In my garden, zucchini are the first to fall victim. Now some people might be
happy about this by mid-August. I’m not one of them. While certain organic
treatments provide a modicum of relief, my experience has taught me that this is the
beginning of the end for my zucchini. It’s not just the zucchini, though. The
arrival of powdery mildew always signals the end of the relentless movement
upwards in the garden. Despite the bounty arriving every day, I know inside
that the days are numbered.
Most people I know in
the Northeast find February the most difficult month. But for me, it has always
been August that stirred me to melancholy. I think there is an interplay of
both physical and psychological factors at work. There is something about the
unrelenting heat and humidity that characterizes late summer, which puts me in
a funk. In the days before we had AC, some of that was caused by night after
night of sleeping badly on soggy sheets. I recall being perpetually cranky as a result.
I can’t use that as an excuse any more.
I have noticed though that, as I age,
the accumulated effects of several months’ worth of physical work begin to take
their toll on me. When summer begins, I don’t care how much I have to sweat to
get the job done. By mid-August, though, I’m just thinking whether I really
need to do that task at all. I find myself feeling lazy and apathetic. The
chores that animated me in June, now just seem mechanical and tedious. The
psychological factors of this malaise are a little more difficult to pinpoint.

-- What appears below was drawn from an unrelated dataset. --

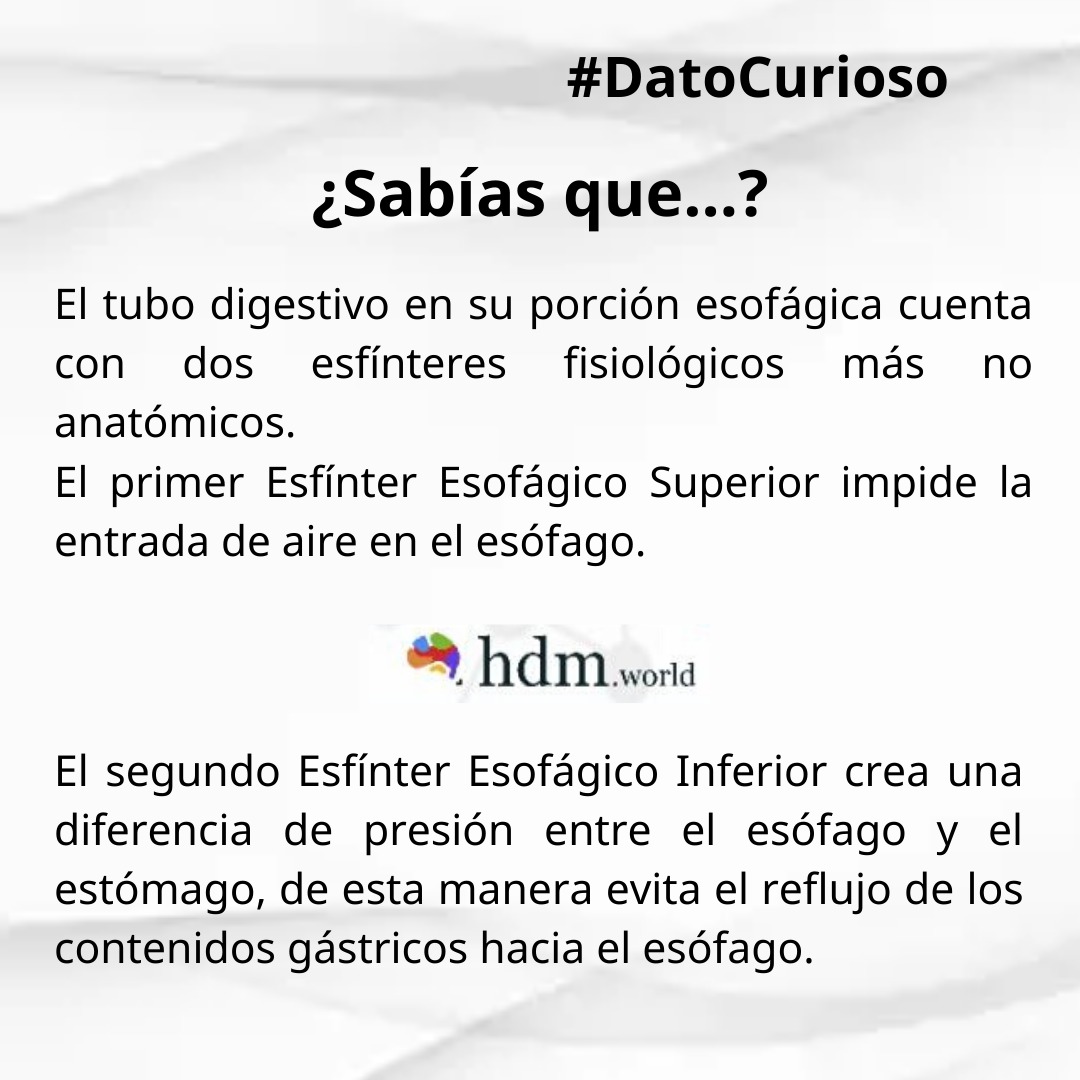 HWorldllc's tweet photo. #sabias #que #dato #curioso #esofago #fisiologia #repaso #esfinter https://t.co/l2jcx4FImG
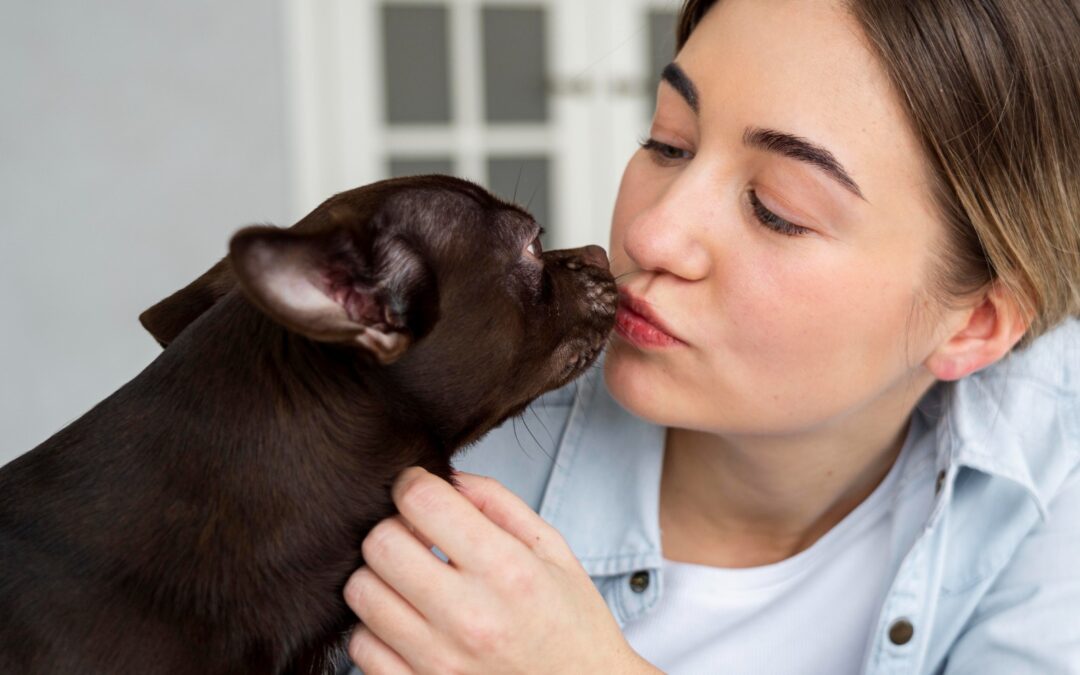 “Lambeijos” dos pets podem ser perigosos à saúde humana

In the garden, part of the ennui come from knowing that even one’s best efforts
cannot counteract the forces of nature at work. The ineluctable ticking
downward of the celestial clock marks the days now. The long shadow of winter
seems to be just over the horizon. Additionally, when I was teaching, I would
experience a kind of mourning for the imminent loss of freedom from a schedule that awaited me. I’d find myself being angry and resentful about having to give up even
the work, which, at the moment, seemed so uninteresting. Sometimes the anticipation
of returning to the classroom would provide temporary relief, but not much. It
was only when the first cold front of late August would push through that I
would find real relief. The same air that swept away the haze and humidity of the
dog days of August would freshen my thoughts and emotions too.